Ehemaliger Arbeitgeber verweigert Zahlung !

Person X war 3 Monate als Teilzeitkraft beschäftigt (ein Arbeitsvertrag gab es nicht und somit auch keine Kündigungsfrist).Die Tätigkeit wurde von Person X nach mündlicher Mitteilung kurzfristig beendet, um in einer anderen Firma einer Vollzeitbeschäftigung nachzugehen. Darüber ist der ehemalige Arbeitgeber nun dermaßen erbost, dass er sich einfach weigert, Person X das noch zustehende Gehalt zu überweisen. Der ehemalige Arbeitgeber hat weder Liquiditätsprobleme noch andere Zahlungsschwierigkeiten. Sein Verhalten beruht auf purer Willkür. Es handelt sich auch nur um einen geringen Betrag. Kann Person X dennoch dagegen vorgehen (z.B. durch Androhung ein Inkassobüro einzuschalten) ? Es ist auch bekannt, dass der ehemalige Arbeitgeber auch anderen Mitarbeitern, die gekündigt haben das Gehalt unterschlagen hat. Bisher kam er IMMER damit durch, weil anscheinend niemand der Betroffenen die Chance sah, einen relativ kleinen Betrag einzuklagen. Wie kann ein oder mehrere Betroffene, denn gegen solche Methoden vorgehen ?

  • Klage beim Arbeitsgericht erheben, insofern die Forderung berechtigt ist. Nix Inkasso!
  • kein schriftlicher Arbeitsvertrag ist nicht gleichbedeutend mit keine Kündigungsfrist
  • Kündigungen haben immer schriftlich zu erfolgen (BGB § 623), sonst hats im grunde keine Kündigung gegeben

Bin noch am grübeln, ob ich provokativ „Hallo“ und „Mfg“ schreiben sollte, wenn der Fragesteller selber völlig grußlos daher kommt (Grübelvorgang zur Zeit noch nicht abgeschlossen)

Hallo,

auch ein mündlicher Arbeitsvertrag ist ein Arbeitsvertrag! Und auch da gelten Kündigungsfristen! Theoretisch hätte Person X also nicht einfach so von heute auf morgen kündigen dürfen. Die Kündigung muss außerdem in jedem Fall schriftlich erfolgen, sonst ist sie wirkungslos.

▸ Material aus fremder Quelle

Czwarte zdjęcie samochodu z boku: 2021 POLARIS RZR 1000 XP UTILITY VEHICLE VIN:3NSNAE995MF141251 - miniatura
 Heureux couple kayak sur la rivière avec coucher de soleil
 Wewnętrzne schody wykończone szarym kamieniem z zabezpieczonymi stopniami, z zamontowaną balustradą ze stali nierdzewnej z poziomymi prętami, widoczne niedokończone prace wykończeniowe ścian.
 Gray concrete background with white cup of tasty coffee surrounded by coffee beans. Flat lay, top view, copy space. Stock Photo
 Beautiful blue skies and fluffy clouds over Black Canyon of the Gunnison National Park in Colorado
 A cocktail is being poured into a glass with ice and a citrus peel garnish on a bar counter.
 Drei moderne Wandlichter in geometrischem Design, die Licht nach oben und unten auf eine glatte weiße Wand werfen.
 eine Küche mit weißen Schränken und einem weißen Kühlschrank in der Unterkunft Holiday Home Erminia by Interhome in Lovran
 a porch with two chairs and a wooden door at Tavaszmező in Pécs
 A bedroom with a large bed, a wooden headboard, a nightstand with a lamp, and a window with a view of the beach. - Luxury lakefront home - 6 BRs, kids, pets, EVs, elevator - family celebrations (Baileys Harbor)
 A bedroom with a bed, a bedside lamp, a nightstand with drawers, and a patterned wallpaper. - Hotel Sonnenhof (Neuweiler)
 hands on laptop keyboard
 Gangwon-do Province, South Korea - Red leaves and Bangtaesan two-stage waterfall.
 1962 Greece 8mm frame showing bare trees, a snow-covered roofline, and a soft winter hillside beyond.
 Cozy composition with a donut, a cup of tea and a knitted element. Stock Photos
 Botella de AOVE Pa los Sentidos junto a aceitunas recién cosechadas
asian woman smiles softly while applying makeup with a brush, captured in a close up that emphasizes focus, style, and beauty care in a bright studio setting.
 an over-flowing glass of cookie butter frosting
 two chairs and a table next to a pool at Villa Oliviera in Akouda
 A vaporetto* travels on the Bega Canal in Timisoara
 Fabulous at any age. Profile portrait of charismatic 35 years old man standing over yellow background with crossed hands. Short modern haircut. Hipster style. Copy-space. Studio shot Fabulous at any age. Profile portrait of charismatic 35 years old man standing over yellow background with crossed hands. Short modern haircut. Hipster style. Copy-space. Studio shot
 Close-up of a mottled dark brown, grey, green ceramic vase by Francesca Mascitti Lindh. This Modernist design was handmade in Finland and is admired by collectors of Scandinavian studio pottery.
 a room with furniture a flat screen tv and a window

Das ausstehende Geld kann man ggf. vorm Arbeitsgericht einklagen, allerdings könnte der AG evtl. Gegenklage einreichen wg. der Kündigungsfrist, da bin ich aber nicht wirklich informiert.

mfG, Goldfasan

Ergänzung
Hallo,

da ich auch immer schnell dabei bin, Regelungen für sinnlos oder einseitig zu halten, aber:

  • Kündigungen haben immer schriftlich zu erfolgen (BGB § 623),
    sonst hats im grunde keine Kündigung gegeben

Diese Regelung ist meines Wissens eingeführt worden, damit nach einem Streitgespräch o.ä. ein „ich kündige“ nicht wirksam wird egal von welcher Seite.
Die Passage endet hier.